▸ YOUR TASK: Your output should be the lines below from the one holding "Movie still from" through the one holding "US team captain", transcribed exactly, with no pictures.

▸ DATA PROVIDED:
++++++++++++++++++++

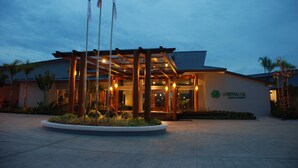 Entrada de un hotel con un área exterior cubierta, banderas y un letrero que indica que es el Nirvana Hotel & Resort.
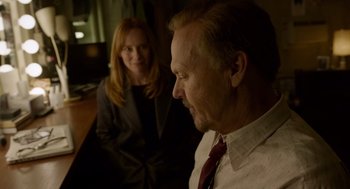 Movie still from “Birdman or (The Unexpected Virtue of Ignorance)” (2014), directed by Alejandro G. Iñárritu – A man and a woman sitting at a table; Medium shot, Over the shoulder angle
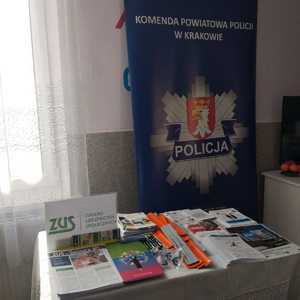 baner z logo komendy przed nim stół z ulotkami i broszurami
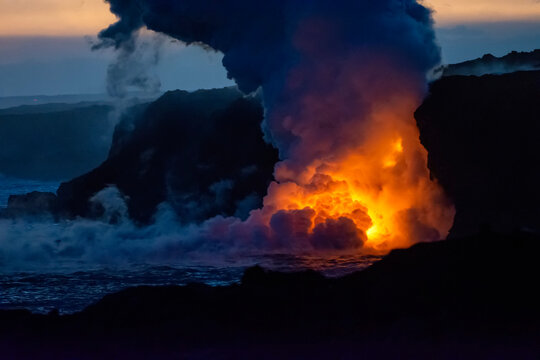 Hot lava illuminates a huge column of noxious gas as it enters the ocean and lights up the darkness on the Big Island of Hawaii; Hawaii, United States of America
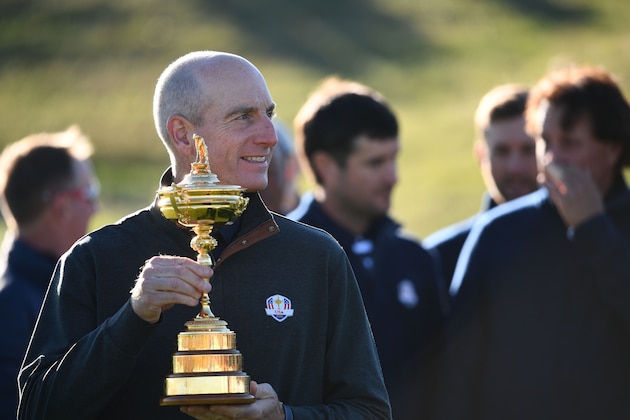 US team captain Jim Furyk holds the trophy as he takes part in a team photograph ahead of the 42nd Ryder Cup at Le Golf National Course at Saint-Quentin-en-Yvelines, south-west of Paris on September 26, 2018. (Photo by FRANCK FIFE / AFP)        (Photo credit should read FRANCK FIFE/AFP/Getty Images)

++++++++++++++++++++

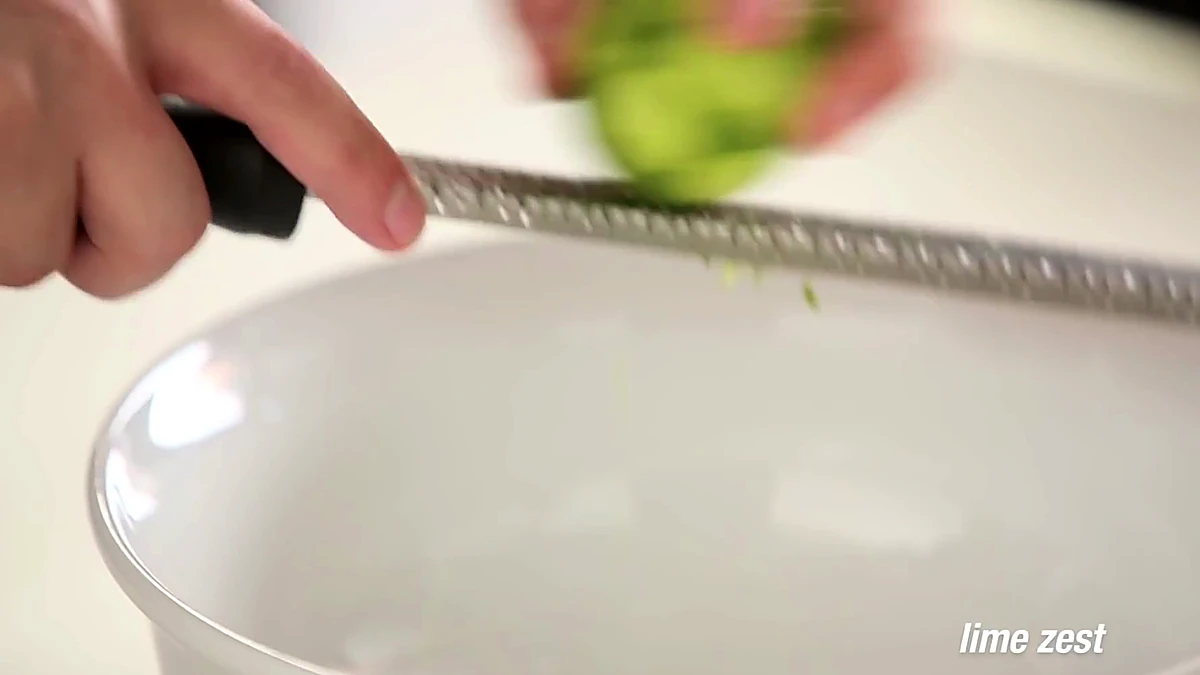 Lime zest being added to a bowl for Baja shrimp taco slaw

++++++++++++++++++++

▸ WRITTEN RESPONSE:
 Movie still from “Birdman or (The Unexpected Virtue of Ignorance)” (2014), directed by Alejandro G. Iñárritu – A man and a woman sitting at a table; Medium shot, Over the shoulder angle
 baner z logo komendy przed nim stół z ulotkami i broszurami
 Hot lava illuminates a huge column of noxious gas as it enters the ocean and lights up the darkness on the Big Island of Hawaii; Hawaii, United States of America
 US team captain Jim Furyk holds the trophy as he takes part in a team photograph ahead of the 42nd Ryder Cup at Le Golf National Course at Saint-Quentin-en-Yvelines, south-west of Paris on September 26, 2018. (Photo by FRANCK FIFE / AFP)        (Photo credit should read FRANCK FIFE/AFP/Getty Images)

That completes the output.